Secuenciación de alta calidad del genoma de Posidonia oceanica

[Cod. PosiGenome2 PosiGenome2]

In September 2021, Fundación IBEROSTAR and Fundación General del CSIC signed an agreement to sequence the genome of 14 individuals of Posidonia oceanica collected across the Mediterranean basin, and to construct a phylogeographic analyses based on the genetic diversity (SNPs) across genomes.

The aim of this extension is to add samples of Posidonia oceanica collected from other 8 Mediterranean localities, particularly from Mallorca since its large coast was underrepresented over smaller Balearic Island: Cabrera, Artà (Colònia St Pere), Formentor (Cala Figuera), PortoPetro, Port d’Andratx, Murcia, Banyuls (France) and Cyprus (or Greece) as Eastern Mediterranean outgroup. If the latter was not collected another locality from Mallorca would be added.

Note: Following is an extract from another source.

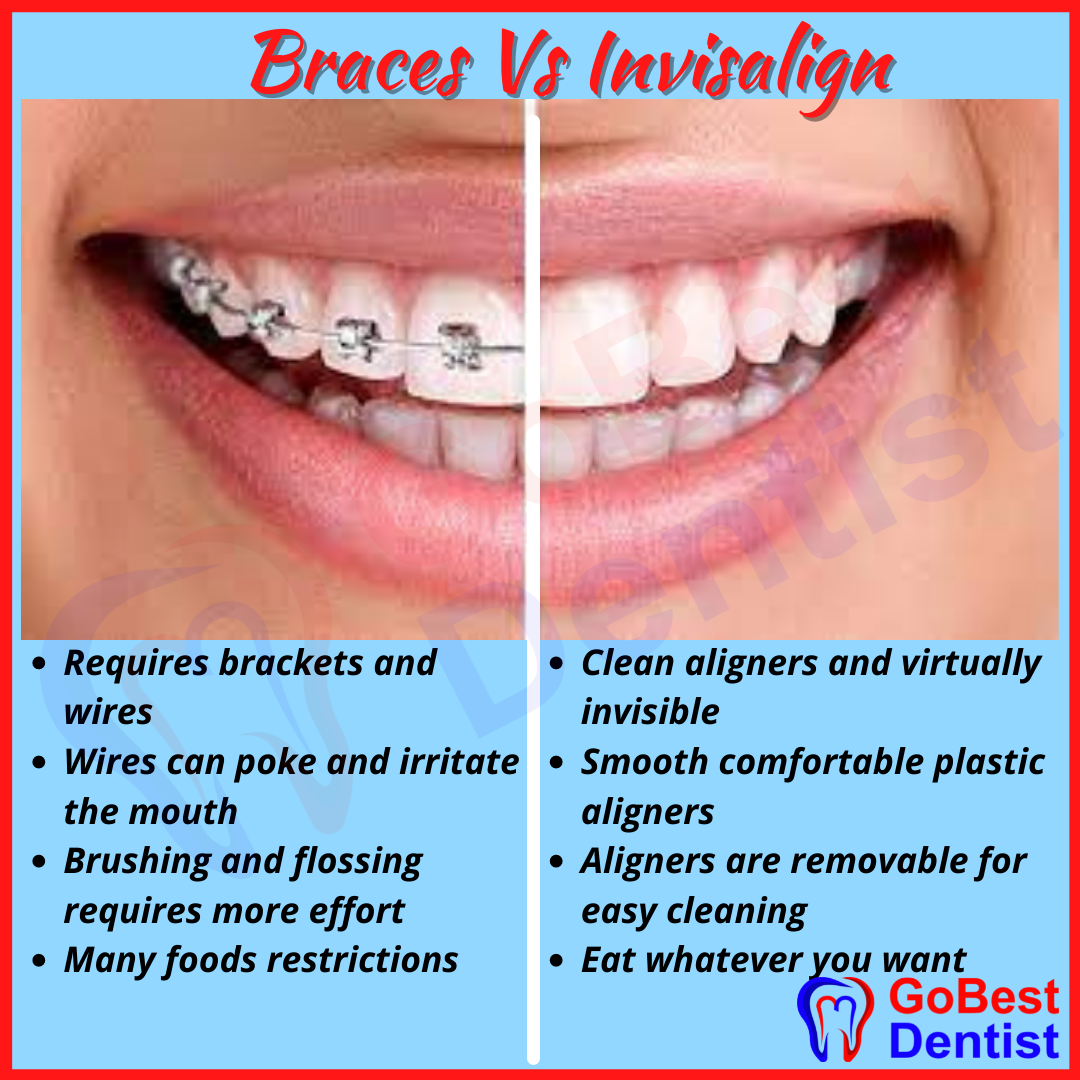 Should I Get Invisalign (Clear Aligners) or Braces?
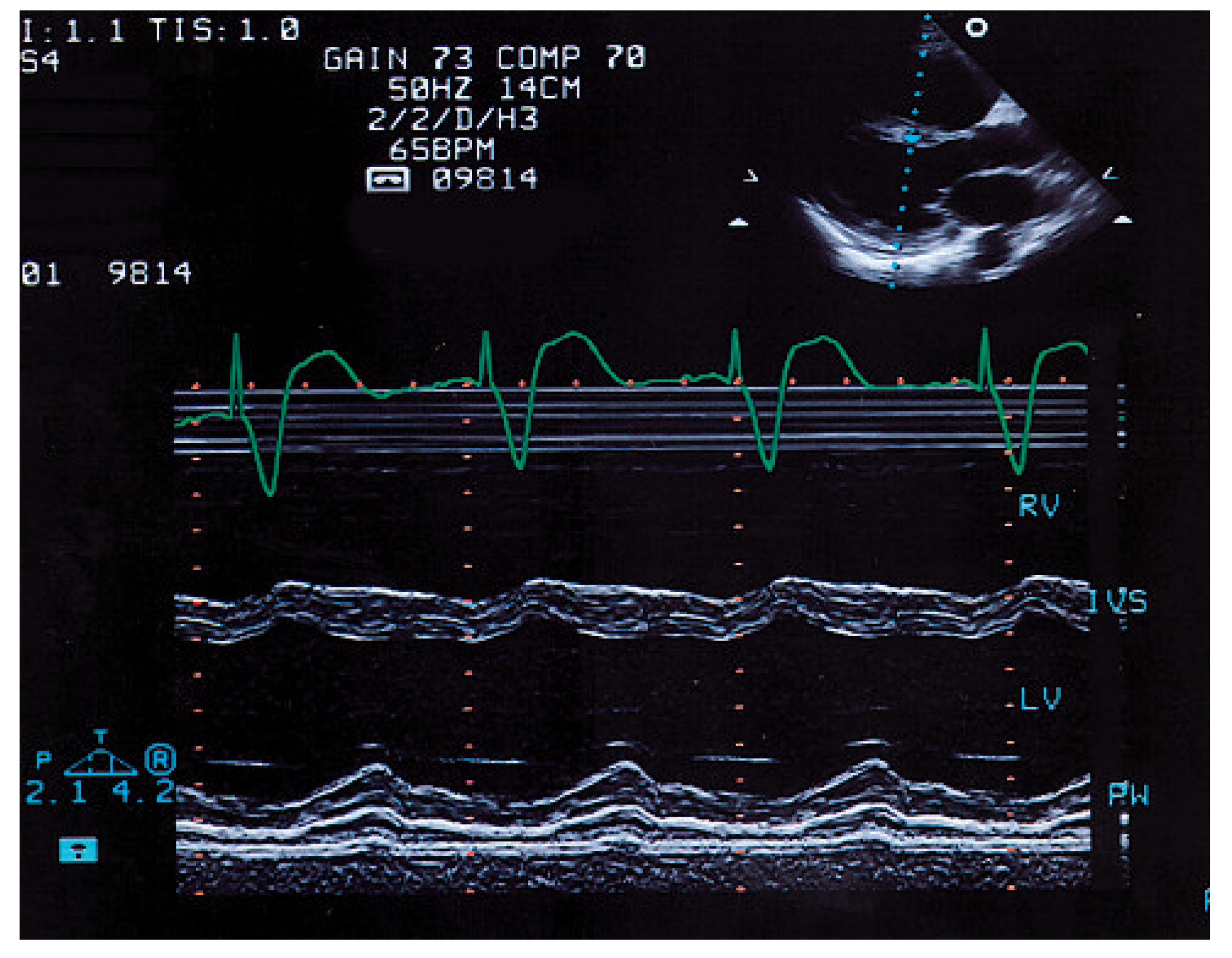 Cardiovascmed 12 00164 g006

We also propose a new aim: to study genetic diversity across individuals of Posidonia oceanica in replanted meadows at the Bay of Pollença. We want to assess whether genetic diversity across replanted individuals is similar to that from individuals of the donor meadows, which are geographically close. Since the number of analyses samples would be high, 96 samples, it would be unfeasible to sequence the whole genome due to extremely high costs. Hence, we propose to deplete the amount of nuclear DNA from whole DNA extractions from P. oceanica samples, and hence enriching for chloroplastic and mitochondrial sequences. The main reproduction in P. oceanica is asexual by plantlets, so the genetic diversity from chloroplastic and mitochondrial sequences are very similar to that estimated from nuclear sequences since there is no recombination. Therefore, the reduced plastome and mitogenome (about 0.5 Mb in total), can be used as a proxy of the nuclear genome (3,200 Mb) at a reduced sequencing cost. The depletion of nuclear sequences will be performed with the NEBNext® Microbiome DNA Enrichment Kit (New England Biolabs) that retain nuclear DNA because is higly methylated (CpG islands) in plants, so microbiome, plastic and mitochondrial DNA is in the flow-through since they present little or null methylation. Moreover, recovered plastic and mitochondrial DNA will be sequenced in a Nanopore System that can read large DNA fragments (> 0,1 Mb) and hence recover full plastomes and mitogenomes in few fragments. Since we except that sequencing error is smaller than genetic diversity across individuals, hence we can pool many individuals in the same sample to reduce costs. This would allow to sequence 96 individuals in a single Nanopore sequencing run and just perform 8 DNA extractions of 12 specimens each. This approach also reduced the amount of leave collected from each individual that is a handicap in replanted plants since they have few leaves, which are short.